The four protagonists — Sadeem Al-Horaimli, Lamees Jeddawi, Gamrah Al-Qusmanji and Michelle Al-Abdulrahman — are best friends in the style of the popular American television series Sex and the City. Except in this case there’s no sex, nor city.

The girls are educated in elite private schools. They wear designer clothes beneath their austere burkhas, they’ve travelled the world, watch Hollywood movies and order takeaways from Burger King. Nevertheless they are strictly forbidden from communing with boys, not allowed to drive, or commute even within towns and cities unescorted by a male relative. But for young people love and romance come naturally. So boys hold up signboards bearing their mobile numbers in malls and on boulevards, and intense courtships are conducted via 21st century inventions such as sms and internet chatrooms.

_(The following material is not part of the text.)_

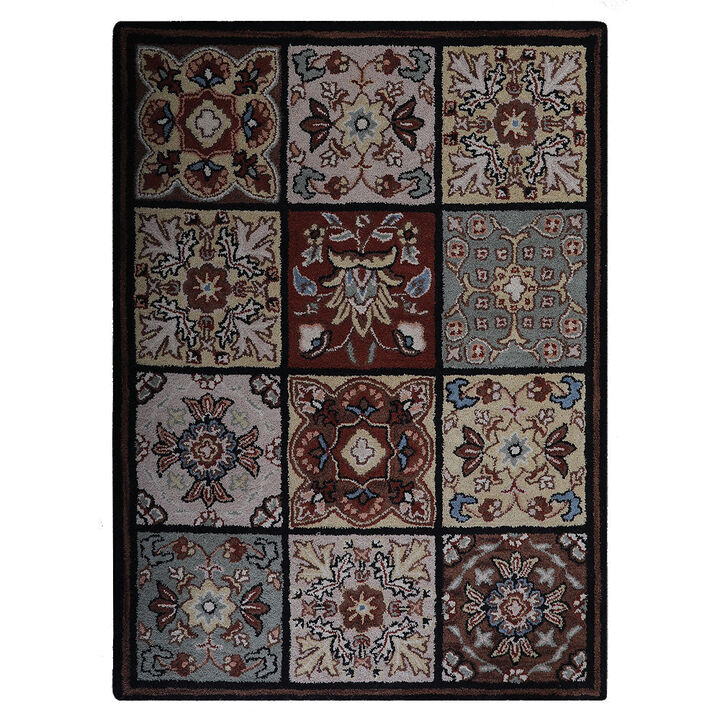 RUGSOTIC CARPETS HAND TUFTED WOOL ECO-FRIENDLY AREA RUGS  - 5'x8', Rectangle Shape, Multicolor, Floral Modern Design, High Pile Thick Handmade Area Rugs for Living Room, Bed Room (K0TM14)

With the iron-fisted patriarchy disdainful of romantic love, Saudi youngsters in their own ingenious and risky ways, try and keep it alive. Especially the women. Gamrah is the first to cross the Rubicon and gets married to Rashid. Moving to Chicago, she discovers that Rashid is in love with a Japanese woman — a fact she is expected to accept. Although the least educated and most submissive of the four girls, she doesn’t give in and returns to Riyadh, fully aware that she will have to endure the shame of being labeled a divorced woman who is not worth anything in Saudi society.

Sadeem, the beautiful one, tries to do everything right but ends up in dysfunctional relationships with hypocritical men. Her first engagement is broken when she decides to surrender her virtue to her soon-to-be-husband and surprises him in a black negligee. He promptly dumps her ex post facto on the ground that he doesn’t want a girl of easy virtue. Her next boyfriend refuses to marry her because she’s been engaged before.

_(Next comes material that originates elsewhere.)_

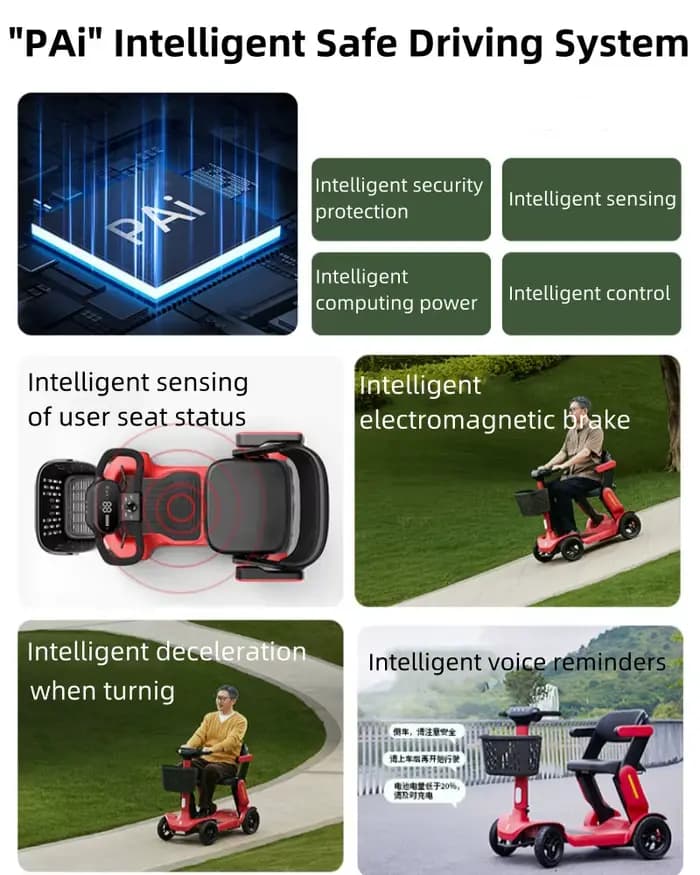 Scooter de mobilité pliable de voyage pour personnes âgées handicapées 4 roues avec siège Intelligen batterie amovible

Michelle, the most fiercely feminist and outspoken of the foursome, is jilted by her beloved Faisal as his mother doesn’t approve of a girl who has an American mother. The cerebral Lamees is the only one to find someone who is liberal and respects her as a near equal, but not before their relationship experiences numerous travails.

Girls of Riyadh takes a feminist stance in its projection of brave young women who are standing up to patriarchs in one of the world’s most cruel and inhumane societies, regardless of severe repercussions. They insist upon making choices because they believe they have the right to personal happiness.

Although unlikely to qualify as a great work of literary fiction, GoR is an important narrative because it offers an insider’s account of life in the Arabian peninsula, which time seems to have forgotten. This is social commentary disguised as fiction, which youth around the world need to read to persuade them to examine and analyse antiquated traditions that they have been accepting without questioning.